Kalimantan Raya, Nunukan – Polemik transportasi air di wilayah Sembakung Atap, Kabupaten Nunukan, kian memanas. Pemilik speedboat reguler SB Sadewa Atap Ekspres, Rahmat, mengaku menjadi korban intimidasi dan pengusiran oleh sekelompok pengusaha speedboat non-reguler. Ironisnya, meski mengantongi izin trayek resmi dari pemerintah, operasional SB Sadewa justru dipaksa tunduk pada aturan kelompok yang diduga tidak berizin.
Kuasa hukum SB Sadewa Atap Ekspres, H. Andin Mumaddadah, S.H., M.H., menilai ada ketidakadilan nyata dalam penanganan masalah ini oleh instansi terkait.
Andin Mumaddadah mengungkapkan bahwa kliennya dipaksa mengikuti kesepakatan sepihak dalam mediasi pada Maret dan April lalu. SB Sadewa yang seharusnya memiliki jadwal keberangkatan tetap pukul 09.00 WITA dari Sembakung, dipaksa bergabung dengan 11 unit speedboat non-reguler pada pukul 10.00 WITA dengan sistem tambahn dan ditaruh pada antrean terakhir yaitu ke-12.
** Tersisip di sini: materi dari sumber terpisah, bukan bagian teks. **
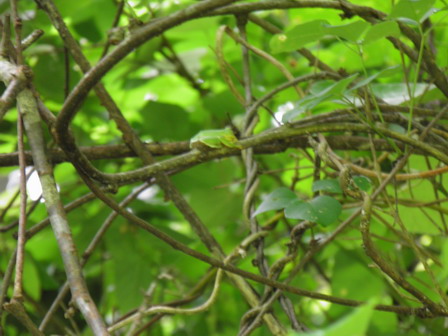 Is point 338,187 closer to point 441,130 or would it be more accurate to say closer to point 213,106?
point 441,130

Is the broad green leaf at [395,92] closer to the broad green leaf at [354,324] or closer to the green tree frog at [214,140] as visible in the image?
the green tree frog at [214,140]

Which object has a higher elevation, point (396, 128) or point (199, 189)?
point (396, 128)

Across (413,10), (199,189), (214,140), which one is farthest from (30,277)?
(413,10)

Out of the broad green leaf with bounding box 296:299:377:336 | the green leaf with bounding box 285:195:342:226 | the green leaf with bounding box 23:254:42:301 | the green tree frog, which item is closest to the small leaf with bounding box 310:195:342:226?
the green leaf with bounding box 285:195:342:226

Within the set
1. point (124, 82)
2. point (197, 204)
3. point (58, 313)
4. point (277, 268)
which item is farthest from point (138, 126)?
point (277, 268)

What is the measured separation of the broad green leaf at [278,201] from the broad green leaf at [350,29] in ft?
0.56

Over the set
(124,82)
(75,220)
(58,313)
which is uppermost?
(124,82)

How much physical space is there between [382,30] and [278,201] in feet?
0.64

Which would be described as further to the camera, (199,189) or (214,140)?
(199,189)

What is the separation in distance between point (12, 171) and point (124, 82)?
0.28m

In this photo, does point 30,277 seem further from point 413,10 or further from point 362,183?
point 413,10

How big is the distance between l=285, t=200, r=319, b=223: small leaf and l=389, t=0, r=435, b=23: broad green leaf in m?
0.19

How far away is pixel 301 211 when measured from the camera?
0.60 m

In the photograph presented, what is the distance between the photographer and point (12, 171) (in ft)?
3.88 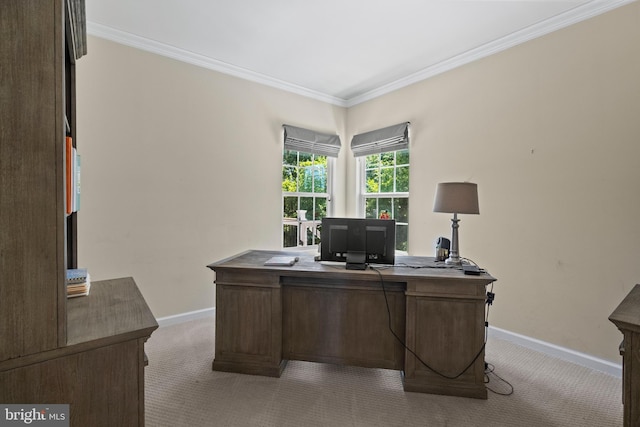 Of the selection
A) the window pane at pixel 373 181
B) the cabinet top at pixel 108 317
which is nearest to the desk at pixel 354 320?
the cabinet top at pixel 108 317

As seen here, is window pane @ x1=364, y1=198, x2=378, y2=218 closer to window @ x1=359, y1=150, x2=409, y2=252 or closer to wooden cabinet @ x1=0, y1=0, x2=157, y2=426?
window @ x1=359, y1=150, x2=409, y2=252

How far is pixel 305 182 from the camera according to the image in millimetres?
4145

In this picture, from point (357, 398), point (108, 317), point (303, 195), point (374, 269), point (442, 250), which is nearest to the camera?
point (108, 317)

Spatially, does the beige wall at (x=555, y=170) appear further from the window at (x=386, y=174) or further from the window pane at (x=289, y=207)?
the window pane at (x=289, y=207)

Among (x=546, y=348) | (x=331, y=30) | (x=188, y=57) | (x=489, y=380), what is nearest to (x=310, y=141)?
(x=331, y=30)

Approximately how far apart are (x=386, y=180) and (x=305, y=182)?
1079mm

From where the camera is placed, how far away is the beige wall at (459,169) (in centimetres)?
224

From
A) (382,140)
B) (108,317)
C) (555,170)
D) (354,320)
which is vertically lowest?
(354,320)

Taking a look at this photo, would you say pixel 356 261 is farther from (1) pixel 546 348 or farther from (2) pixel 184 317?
(2) pixel 184 317

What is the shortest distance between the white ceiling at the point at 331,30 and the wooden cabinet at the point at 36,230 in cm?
175

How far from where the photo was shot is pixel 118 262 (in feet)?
9.14

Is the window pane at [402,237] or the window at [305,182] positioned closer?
the window pane at [402,237]

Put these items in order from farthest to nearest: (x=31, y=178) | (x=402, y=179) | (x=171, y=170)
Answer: (x=402, y=179) < (x=171, y=170) < (x=31, y=178)

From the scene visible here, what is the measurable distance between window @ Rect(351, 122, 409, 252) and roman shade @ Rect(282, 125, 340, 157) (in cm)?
28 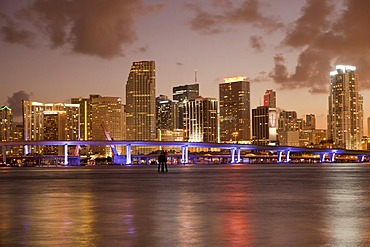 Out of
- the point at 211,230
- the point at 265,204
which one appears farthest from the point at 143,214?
the point at 265,204

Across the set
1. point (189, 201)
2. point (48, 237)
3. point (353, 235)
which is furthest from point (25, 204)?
point (353, 235)

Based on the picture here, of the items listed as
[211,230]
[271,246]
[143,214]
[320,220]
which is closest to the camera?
[271,246]

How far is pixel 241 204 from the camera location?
23.5 meters

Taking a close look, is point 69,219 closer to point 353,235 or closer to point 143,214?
point 143,214

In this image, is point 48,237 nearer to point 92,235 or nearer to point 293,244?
point 92,235

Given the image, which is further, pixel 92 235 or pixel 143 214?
pixel 143 214

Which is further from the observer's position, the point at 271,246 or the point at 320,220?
the point at 320,220

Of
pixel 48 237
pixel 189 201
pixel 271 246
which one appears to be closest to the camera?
pixel 271 246

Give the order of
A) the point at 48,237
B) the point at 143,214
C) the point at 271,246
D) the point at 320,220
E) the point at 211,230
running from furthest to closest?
the point at 143,214 < the point at 320,220 < the point at 211,230 < the point at 48,237 < the point at 271,246

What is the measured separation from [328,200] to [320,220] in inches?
326

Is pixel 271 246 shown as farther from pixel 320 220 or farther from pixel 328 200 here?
pixel 328 200

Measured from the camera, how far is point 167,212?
20109 mm

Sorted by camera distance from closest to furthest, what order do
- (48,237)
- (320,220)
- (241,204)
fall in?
1. (48,237)
2. (320,220)
3. (241,204)

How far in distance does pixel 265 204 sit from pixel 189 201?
3.05 meters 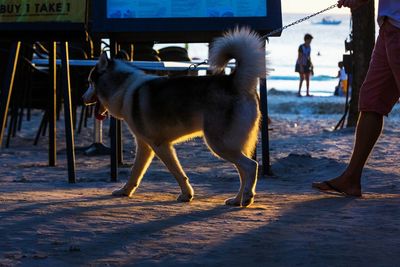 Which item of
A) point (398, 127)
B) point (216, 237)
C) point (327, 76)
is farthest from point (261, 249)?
point (327, 76)

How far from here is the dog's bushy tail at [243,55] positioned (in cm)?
614

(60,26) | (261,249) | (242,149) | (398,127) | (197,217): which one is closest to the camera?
(261,249)

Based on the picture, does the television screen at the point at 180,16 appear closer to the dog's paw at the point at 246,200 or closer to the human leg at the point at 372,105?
the human leg at the point at 372,105

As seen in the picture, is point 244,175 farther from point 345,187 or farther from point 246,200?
point 345,187

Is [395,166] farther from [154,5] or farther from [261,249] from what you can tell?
[261,249]

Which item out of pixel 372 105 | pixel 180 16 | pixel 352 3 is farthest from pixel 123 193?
pixel 352 3

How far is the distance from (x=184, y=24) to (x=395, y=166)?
266 centimetres

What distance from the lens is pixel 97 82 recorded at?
6.94 meters

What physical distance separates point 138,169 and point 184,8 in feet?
5.04

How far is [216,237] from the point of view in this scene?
488cm

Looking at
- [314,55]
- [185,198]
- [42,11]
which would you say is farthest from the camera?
[314,55]

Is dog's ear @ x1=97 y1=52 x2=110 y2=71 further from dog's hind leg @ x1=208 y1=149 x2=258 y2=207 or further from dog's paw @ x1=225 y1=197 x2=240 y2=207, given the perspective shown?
dog's paw @ x1=225 y1=197 x2=240 y2=207

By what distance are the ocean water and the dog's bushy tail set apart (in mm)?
301

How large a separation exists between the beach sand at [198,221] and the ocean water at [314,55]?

“Ini kesepakatan yang sifatnya memaksa. Klien kami punya izin resmi, trayek ada, izin tambat ada. Sementara 11 unit lainnya disinyalir tidak punya izin trayek karena kriteria armada mereka untuk barang, bukan penumpang. Tapi justru yang resmi ditaruh di urutan terakhir. Di mana kehadiran negara?” ujar Andin Mumaddadah kepada wartawan, Kamis malam (16/4/2026).
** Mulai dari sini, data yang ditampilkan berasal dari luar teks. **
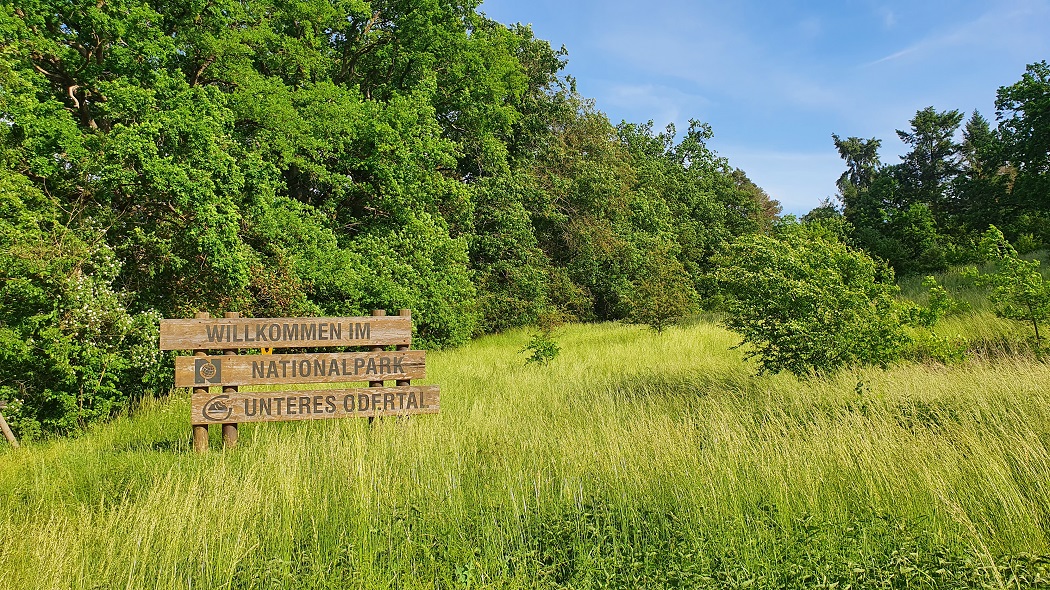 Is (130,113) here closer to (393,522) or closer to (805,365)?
(393,522)

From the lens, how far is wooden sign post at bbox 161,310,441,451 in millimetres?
6988

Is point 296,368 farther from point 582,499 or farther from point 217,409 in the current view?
point 582,499

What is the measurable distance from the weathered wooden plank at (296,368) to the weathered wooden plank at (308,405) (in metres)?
0.16

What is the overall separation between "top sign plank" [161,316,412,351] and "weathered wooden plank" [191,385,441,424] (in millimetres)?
567

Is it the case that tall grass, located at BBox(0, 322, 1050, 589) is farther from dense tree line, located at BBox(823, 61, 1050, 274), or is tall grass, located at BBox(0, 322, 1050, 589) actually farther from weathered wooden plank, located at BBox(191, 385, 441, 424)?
dense tree line, located at BBox(823, 61, 1050, 274)

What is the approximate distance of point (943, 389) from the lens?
7.27 metres

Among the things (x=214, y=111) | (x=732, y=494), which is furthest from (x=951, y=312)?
(x=214, y=111)

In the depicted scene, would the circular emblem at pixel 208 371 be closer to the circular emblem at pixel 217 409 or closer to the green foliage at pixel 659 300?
the circular emblem at pixel 217 409

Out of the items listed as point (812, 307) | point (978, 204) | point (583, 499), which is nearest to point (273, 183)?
point (812, 307)

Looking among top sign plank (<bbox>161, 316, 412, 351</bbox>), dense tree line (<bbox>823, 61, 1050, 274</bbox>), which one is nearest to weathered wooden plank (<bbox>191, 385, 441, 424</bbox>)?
top sign plank (<bbox>161, 316, 412, 351</bbox>)

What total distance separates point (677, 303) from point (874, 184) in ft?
79.1

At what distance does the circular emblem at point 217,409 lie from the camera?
6961 mm

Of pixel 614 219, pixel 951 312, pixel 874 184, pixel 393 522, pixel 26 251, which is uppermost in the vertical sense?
pixel 874 184

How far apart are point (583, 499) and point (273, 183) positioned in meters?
12.8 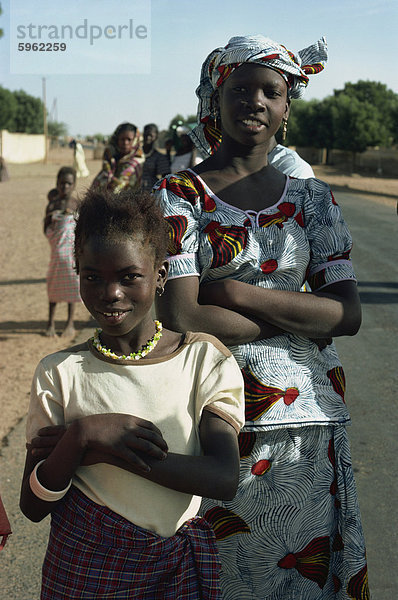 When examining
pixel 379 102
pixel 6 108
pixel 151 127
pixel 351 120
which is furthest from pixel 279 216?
pixel 6 108

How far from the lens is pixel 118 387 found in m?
1.59

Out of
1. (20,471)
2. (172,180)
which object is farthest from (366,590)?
(20,471)

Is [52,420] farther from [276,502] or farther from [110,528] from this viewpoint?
[276,502]

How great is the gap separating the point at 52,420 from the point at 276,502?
715mm

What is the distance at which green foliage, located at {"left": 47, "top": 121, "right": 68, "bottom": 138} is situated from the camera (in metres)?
88.9

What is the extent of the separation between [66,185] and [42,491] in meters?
6.04

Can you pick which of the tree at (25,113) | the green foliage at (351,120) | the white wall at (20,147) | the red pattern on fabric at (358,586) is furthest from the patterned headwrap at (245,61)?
the tree at (25,113)

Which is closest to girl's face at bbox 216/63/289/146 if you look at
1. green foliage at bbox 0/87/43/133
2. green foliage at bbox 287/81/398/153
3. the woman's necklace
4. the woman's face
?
the woman's necklace

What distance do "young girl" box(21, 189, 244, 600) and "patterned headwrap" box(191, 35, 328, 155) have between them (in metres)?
0.52

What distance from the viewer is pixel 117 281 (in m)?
1.60

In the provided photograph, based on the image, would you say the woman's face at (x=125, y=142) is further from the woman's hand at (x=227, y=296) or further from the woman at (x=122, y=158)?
the woman's hand at (x=227, y=296)

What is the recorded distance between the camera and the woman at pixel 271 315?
1.87m

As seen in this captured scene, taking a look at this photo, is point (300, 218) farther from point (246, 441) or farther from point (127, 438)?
point (127, 438)

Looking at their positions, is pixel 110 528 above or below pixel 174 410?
below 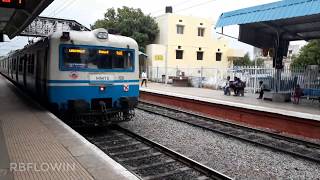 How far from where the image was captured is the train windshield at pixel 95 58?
31.0 ft

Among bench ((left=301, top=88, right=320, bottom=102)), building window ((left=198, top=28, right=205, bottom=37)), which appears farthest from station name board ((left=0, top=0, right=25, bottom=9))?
building window ((left=198, top=28, right=205, bottom=37))

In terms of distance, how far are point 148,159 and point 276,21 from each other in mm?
10682

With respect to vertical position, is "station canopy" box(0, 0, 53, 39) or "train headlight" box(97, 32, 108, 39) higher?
"station canopy" box(0, 0, 53, 39)

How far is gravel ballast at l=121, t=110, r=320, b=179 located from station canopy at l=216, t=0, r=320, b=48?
586 cm

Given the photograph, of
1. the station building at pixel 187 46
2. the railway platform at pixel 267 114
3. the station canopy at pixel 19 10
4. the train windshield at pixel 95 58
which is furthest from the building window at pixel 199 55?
the train windshield at pixel 95 58

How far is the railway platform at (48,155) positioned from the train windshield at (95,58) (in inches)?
63.0

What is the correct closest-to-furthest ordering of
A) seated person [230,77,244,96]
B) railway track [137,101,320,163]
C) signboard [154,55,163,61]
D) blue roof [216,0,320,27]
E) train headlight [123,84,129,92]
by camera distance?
railway track [137,101,320,163], train headlight [123,84,129,92], blue roof [216,0,320,27], seated person [230,77,244,96], signboard [154,55,163,61]

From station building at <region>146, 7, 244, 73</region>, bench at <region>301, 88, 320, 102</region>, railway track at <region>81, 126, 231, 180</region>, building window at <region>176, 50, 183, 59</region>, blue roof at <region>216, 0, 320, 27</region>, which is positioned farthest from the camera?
building window at <region>176, 50, 183, 59</region>

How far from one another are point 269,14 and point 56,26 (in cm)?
3299

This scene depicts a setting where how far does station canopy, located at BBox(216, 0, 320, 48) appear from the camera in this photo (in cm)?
1324

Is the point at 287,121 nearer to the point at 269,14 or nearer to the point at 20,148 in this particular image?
the point at 269,14

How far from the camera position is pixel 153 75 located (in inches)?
1446

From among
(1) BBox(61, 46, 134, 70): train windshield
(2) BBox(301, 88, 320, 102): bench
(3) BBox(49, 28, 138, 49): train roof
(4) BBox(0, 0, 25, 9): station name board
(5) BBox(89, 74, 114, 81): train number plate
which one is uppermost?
(4) BBox(0, 0, 25, 9): station name board

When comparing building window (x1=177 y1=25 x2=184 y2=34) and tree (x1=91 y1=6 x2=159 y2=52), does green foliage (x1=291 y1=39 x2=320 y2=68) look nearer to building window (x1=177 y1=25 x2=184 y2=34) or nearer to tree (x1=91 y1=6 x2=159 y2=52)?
building window (x1=177 y1=25 x2=184 y2=34) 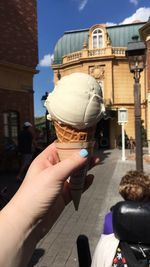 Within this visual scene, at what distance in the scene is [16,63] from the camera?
14.9 meters

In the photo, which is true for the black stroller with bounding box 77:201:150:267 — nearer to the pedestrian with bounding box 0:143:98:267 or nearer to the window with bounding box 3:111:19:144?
the pedestrian with bounding box 0:143:98:267

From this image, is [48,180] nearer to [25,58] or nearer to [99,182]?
[99,182]

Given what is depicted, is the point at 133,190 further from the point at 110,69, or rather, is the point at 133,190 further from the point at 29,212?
the point at 110,69

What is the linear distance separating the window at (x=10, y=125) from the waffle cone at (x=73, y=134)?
1289 centimetres

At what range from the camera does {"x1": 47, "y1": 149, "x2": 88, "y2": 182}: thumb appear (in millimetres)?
1481

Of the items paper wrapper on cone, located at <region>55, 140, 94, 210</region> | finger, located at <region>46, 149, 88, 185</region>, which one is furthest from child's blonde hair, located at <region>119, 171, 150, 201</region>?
finger, located at <region>46, 149, 88, 185</region>

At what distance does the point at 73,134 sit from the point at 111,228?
1.40 metres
Andin Mumaddadah juga mencium adanya keterlibatan oknum aparat dan perangkat desa yang memiliki kepentingan pribadi dalam kelompok 11 pengusaha tersebut. Ia menyayangkan masalah ini digiring seolah-olah sebagai persoalan adat istiadat setempat.
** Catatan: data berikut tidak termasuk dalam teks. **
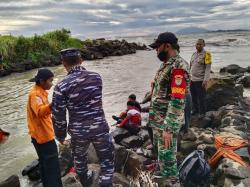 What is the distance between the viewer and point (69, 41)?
149 feet

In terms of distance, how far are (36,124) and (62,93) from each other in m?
0.86

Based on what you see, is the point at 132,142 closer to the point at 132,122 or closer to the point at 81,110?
the point at 132,122

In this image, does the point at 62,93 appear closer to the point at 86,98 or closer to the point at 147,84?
the point at 86,98

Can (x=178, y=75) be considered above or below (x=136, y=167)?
above

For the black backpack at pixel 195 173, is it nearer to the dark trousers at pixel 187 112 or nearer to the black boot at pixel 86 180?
the black boot at pixel 86 180

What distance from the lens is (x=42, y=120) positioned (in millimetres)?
5160

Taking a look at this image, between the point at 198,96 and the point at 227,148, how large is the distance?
370 centimetres

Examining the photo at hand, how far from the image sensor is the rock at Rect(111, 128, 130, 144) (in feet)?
28.9

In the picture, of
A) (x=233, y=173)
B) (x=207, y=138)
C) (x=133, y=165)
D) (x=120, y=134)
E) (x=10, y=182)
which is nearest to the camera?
(x=233, y=173)

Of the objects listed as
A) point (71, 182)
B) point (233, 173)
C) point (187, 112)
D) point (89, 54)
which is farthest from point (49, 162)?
point (89, 54)

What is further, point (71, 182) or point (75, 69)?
point (71, 182)

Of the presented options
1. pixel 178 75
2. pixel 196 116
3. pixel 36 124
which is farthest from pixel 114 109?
pixel 178 75

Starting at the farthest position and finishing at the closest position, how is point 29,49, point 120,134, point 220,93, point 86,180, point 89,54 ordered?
point 89,54, point 29,49, point 220,93, point 120,134, point 86,180

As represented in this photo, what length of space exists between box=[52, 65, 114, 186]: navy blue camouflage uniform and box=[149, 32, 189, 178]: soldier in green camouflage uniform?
2.29 ft
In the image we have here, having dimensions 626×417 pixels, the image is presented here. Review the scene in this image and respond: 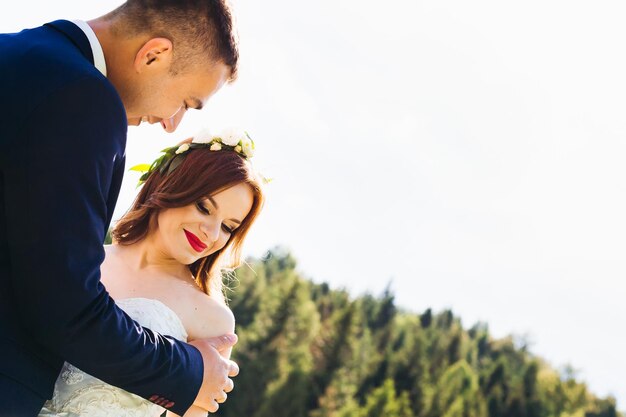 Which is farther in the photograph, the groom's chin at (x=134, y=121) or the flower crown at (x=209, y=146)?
the flower crown at (x=209, y=146)

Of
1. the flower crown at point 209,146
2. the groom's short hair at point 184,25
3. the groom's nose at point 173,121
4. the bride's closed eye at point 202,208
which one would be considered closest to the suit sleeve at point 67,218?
the groom's short hair at point 184,25

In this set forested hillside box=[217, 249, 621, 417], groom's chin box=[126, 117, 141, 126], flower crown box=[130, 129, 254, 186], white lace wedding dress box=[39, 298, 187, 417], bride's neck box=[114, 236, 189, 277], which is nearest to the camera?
groom's chin box=[126, 117, 141, 126]

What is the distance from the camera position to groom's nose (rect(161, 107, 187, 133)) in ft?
9.51

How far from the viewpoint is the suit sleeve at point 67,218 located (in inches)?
88.6

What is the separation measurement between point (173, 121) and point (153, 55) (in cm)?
40

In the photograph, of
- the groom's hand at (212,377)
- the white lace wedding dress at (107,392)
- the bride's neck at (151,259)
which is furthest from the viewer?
the bride's neck at (151,259)

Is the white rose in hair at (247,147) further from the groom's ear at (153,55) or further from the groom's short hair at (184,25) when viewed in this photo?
the groom's ear at (153,55)

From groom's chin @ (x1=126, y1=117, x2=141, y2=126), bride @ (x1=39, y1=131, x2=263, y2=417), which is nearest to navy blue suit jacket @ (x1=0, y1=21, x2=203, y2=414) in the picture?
groom's chin @ (x1=126, y1=117, x2=141, y2=126)

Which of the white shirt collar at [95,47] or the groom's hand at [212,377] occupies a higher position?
the white shirt collar at [95,47]

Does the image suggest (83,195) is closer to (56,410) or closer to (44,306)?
(44,306)

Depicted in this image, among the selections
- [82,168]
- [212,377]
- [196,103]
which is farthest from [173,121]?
[212,377]

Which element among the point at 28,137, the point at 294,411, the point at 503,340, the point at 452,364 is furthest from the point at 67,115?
the point at 503,340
“Ada oknum di Polsek yang istrinya punya speed di situ, ada juga kerabat perangkat desa. Ini kepentingan pribadi yang berlindung di balik nama adat. Kasihan adat kita dibawa-bawa,” tegasnya.
Konflik ini memuncak dengan munculnya petisi penolakan terhadap operasional SB Sadewa Atap Ekspres. Namun, tim kuasa hukum menemukan kejanggalan pada daftar tanda tangan dukungan warga.
“Kami telusuri, ternyata banyak tanda tangan yang diduga palsu. Ada nama orang yang sedang bekerja di perusahaan atau tidak berada di Sembakung, tapi tanda tangannya ada di petisi. Ini sudah masuk ranah hukum,” tambah Andin Mumaddadah.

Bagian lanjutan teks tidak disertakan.